• Task goal:
The response should be an exact transcription of the data below, free of images.

--- Data Enclosed Below ---

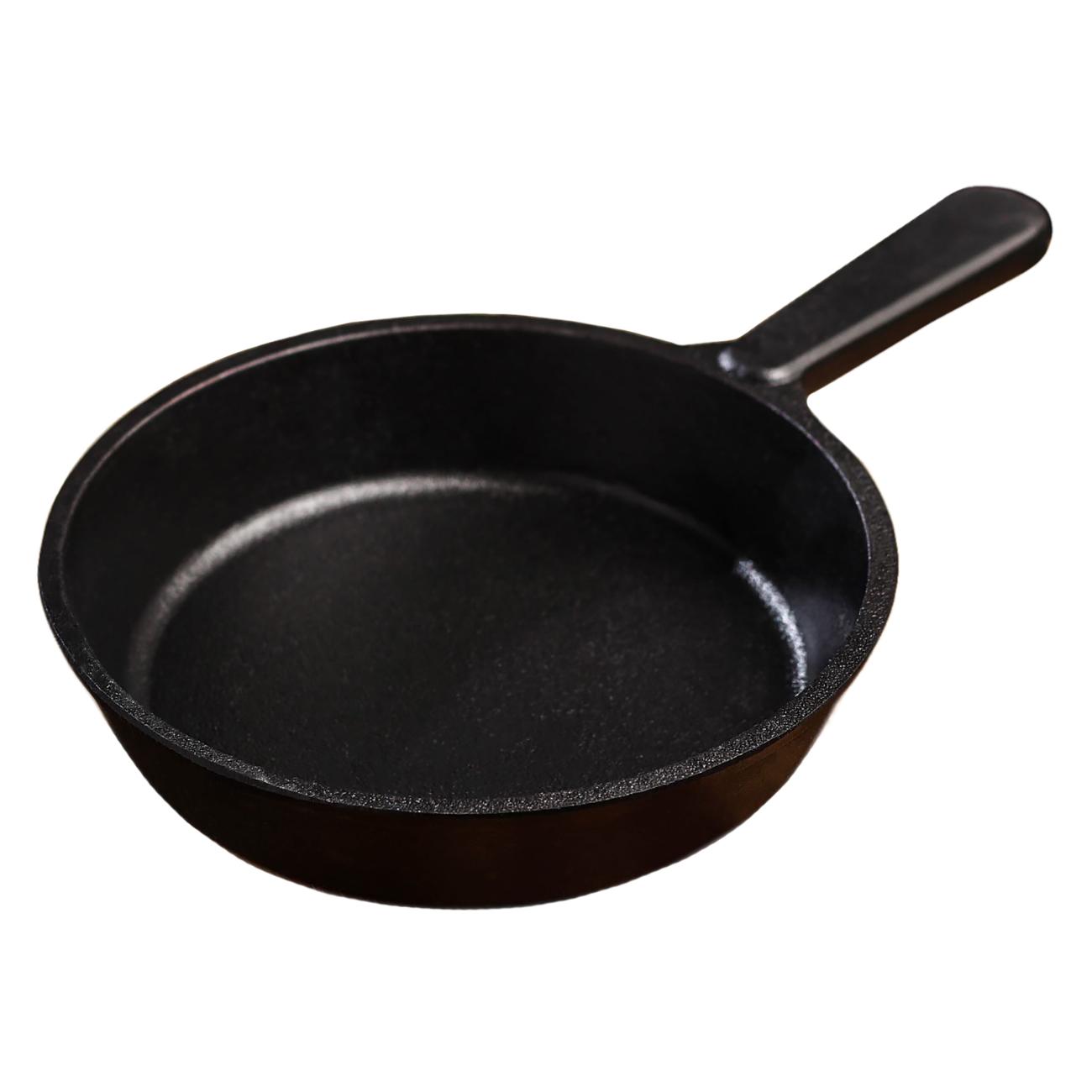 Сковорода Magma 14,5 см 9129534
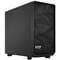 Фото - Корпус Fractal Design Meshify 2 Black Solid (FD-C-MES2A-01) | click.ua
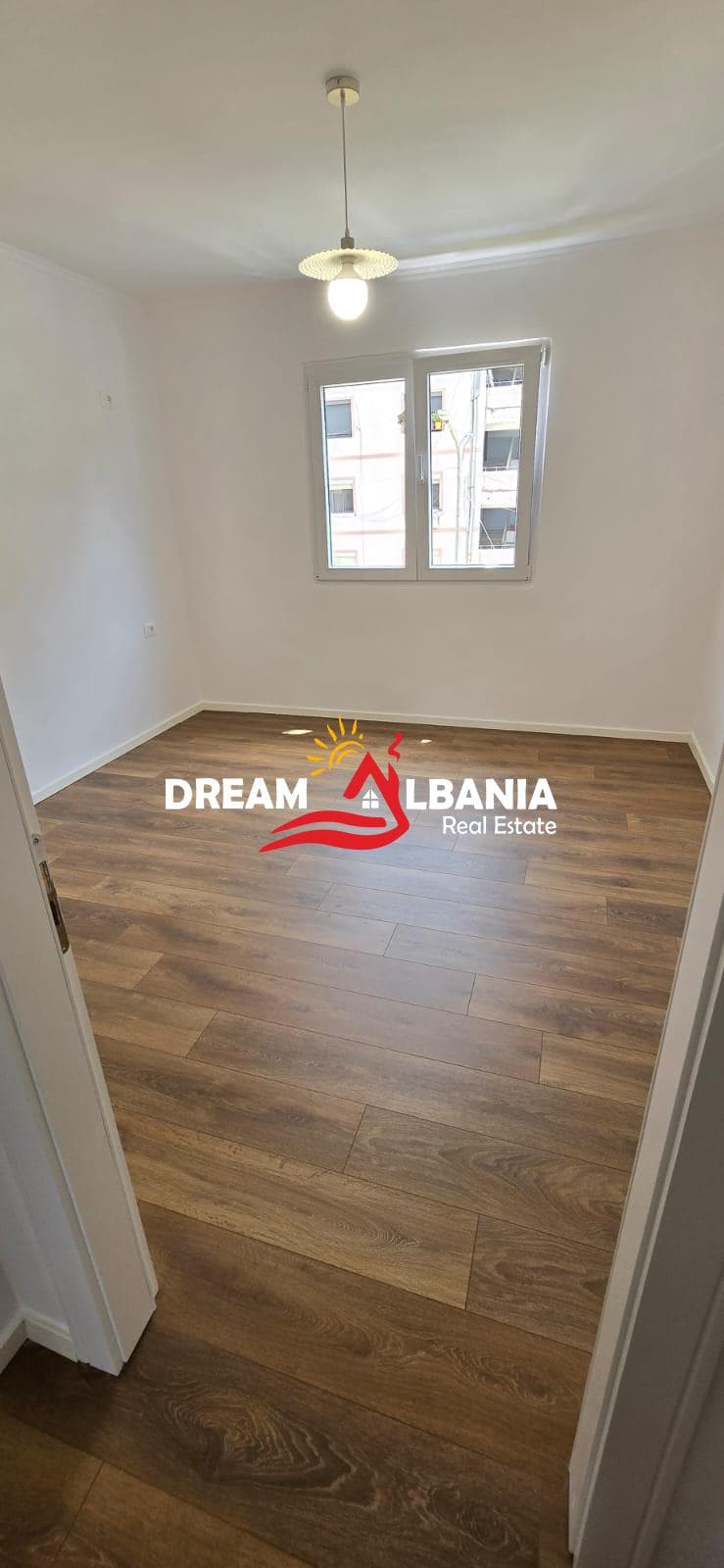 Apartament 1+1 ne Shitje ne Rrugen e Kavajes, Perballe Delijorgjit (ID 5119005) 3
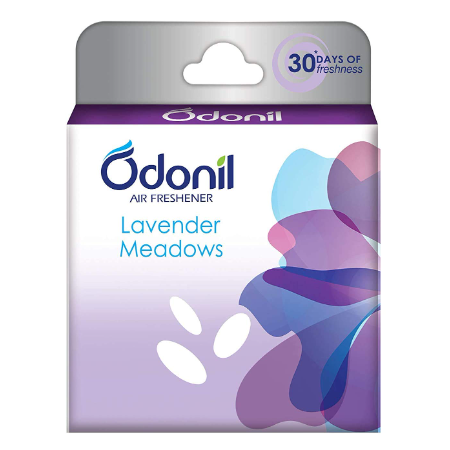 Odonil Lavender Meadows 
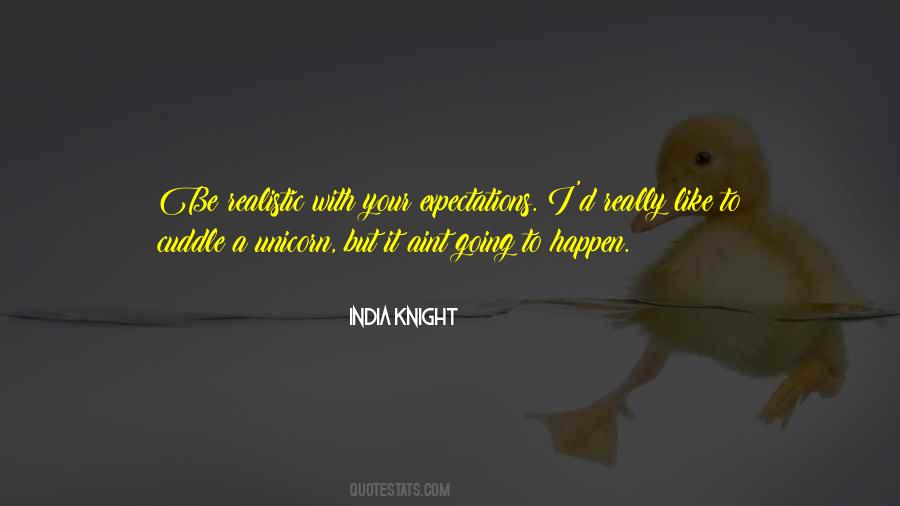 India Knight Quotes #1863549 India Knight Quotes #1863549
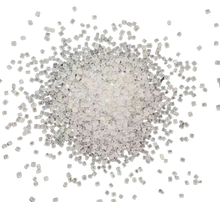 Ammonium Sulphate - Caprolactam-Grade（Crystal）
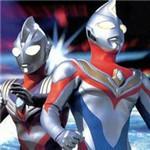 奥特曼格斗进化完整版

--- End of Enclosed Data ---

• Output of the exercise:
 Сковорода Magma 14,5 см 9129534
 Фото - Корпус Fractal Design Meshify 2 Black Solid (FD-C-MES2A-01) | click.ua
 Apartament 1+1 ne Shitje ne Rrugen e Kavajes, Perballe Delijorgjit (ID 5119005) 3
 Odonil Lavender Meadows 
 India Knight Quotes #1863549 India Knight Quotes #1863549
 Ammonium Sulphate - Caprolactam-Grade（Crystal）
 奥特曼格斗进化完整版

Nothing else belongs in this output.